It was the height of the sixties, when racial tensions were taught in the City of Boston and across the United States. A white fireman was caught by a photographer, his lips pressed to the face of a black baby girl, his face racked with determination to save her life.
This week, more than forty years later, that baby and her grateful godmother finally met the man who saved her.
"November, 1968, a report of children trapped inside the building," William Carroll says into the camera. "Those things you remember like it was yesterday."
The baby was covered in soot, Carroll remembers, unable to breathe with no pulse pumping in her tiny wrist. He'd crawled on his stomach through the thick smoke to find her lyin in a crib in the burning Roxbury Housing Projects, clad only in a diaper. He grabbed Evangeline Harper - now Evangeline Anderson - and rushed from the building. The picture snapped by a photojournalist on scene would shape the future of the city, and he would earn commendations for bravery.
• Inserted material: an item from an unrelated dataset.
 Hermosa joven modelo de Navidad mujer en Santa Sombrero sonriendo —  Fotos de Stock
But Caroll wasn't thinking about any of that. He had a child to save.
Forty years later, Anderson met up with a Boston Globe reporter at a community meeting. She saw an opportunity to track down the man who'd saved her - through the newspaper that made famous her picture. Caught on tape by the Globe as a companion piece to their article, the meeting is worth watching (here) for one of those "restores your faith in the good of man" moments.
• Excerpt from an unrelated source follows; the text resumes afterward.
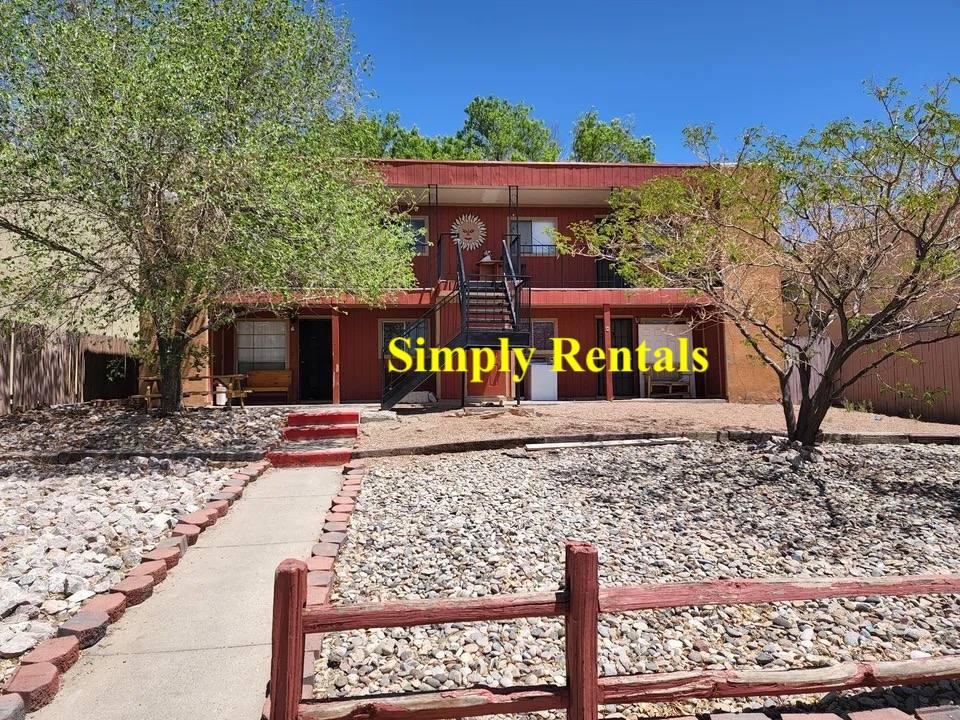 Apartment for rent at 1024 Chelwood Park Blvd NE #C, Albuquerque, NM 87112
First delving into it, I thought the race issue would have the bigger pull - making me all weepy to see racial tensions melting away. Instead, all this brought out in me was the mother side, the part that wanted to wrap my arms around a guy who saved a baby. As Anderson tells him - "had it not been for you, I would not be here today."
"We did a good thing that day," Carroll said, "I hope I gave her a shot."
Awww. Maybe every day should be hug a fireman day?